As outlined below, our approach uses machine learning and analytics make the process for domain experts as simple as possible.
The analyst starts by entering the search term “crude”. The system looks for common spelling variants and applies Word2Vec to identify semantically similar words. The analyst then adds or dismisses the expanded terms (e.g. “oil”, “barrel”, “soybean” and “motor”) as needed.
Under each search term, the analyst reviews representative articles. Some may be relevant, some not. For example, an article on “crude” could be about oil or about a celebrity’s unseemly behavior. Toggles allow the analyst to easily apply their expert judgment by accepting or rejecting articles according to relevance to the search term.
Similar documents can be shown (e.g. based on Doc2Vec) to further accept or reject borderline documents.
Based on the high-quality positive articles accepted by the analyst, the system builds a semi-supervised classifier.
The classifier tags and visualizes a number of stories. The analyst inspects the preview visualization and flags any stories that are not relevant to the domain. This feedback informs and validates the classifier, which is then rebuilt to incorporate the new domain expertise.
The data and visualization from the refinement step can then be deployed in the target application.

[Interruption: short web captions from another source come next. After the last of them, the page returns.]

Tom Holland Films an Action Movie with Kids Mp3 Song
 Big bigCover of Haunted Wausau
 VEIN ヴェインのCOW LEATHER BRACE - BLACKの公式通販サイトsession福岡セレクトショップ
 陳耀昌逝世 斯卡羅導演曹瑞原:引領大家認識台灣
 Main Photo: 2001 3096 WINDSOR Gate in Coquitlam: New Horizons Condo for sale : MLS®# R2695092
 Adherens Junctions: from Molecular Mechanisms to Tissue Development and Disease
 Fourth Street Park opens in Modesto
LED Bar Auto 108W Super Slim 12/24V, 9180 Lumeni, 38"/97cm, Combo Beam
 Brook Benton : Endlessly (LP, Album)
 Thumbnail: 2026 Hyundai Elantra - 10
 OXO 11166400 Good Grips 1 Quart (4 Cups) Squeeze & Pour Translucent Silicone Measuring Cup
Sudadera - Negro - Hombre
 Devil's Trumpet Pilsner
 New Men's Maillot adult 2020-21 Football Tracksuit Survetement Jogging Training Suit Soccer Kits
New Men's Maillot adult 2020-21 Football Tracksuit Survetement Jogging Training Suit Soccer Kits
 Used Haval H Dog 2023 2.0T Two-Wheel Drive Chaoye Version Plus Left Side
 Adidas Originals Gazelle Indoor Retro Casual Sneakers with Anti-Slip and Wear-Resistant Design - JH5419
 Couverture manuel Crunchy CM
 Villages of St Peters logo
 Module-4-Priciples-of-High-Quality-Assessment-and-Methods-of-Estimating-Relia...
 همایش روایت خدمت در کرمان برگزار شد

We tested our approach using a number of standard benchmarks and found good performance compared to other semi-supervised classification techniques. The general approach is effective for classifying unstructured data for specific application needs, such as expert users in specialized domains. There are many possible enhancements, such as improving the models for feature selection and tag recommendation or extending the functionality to modeling of relevance, tone, and interestingness.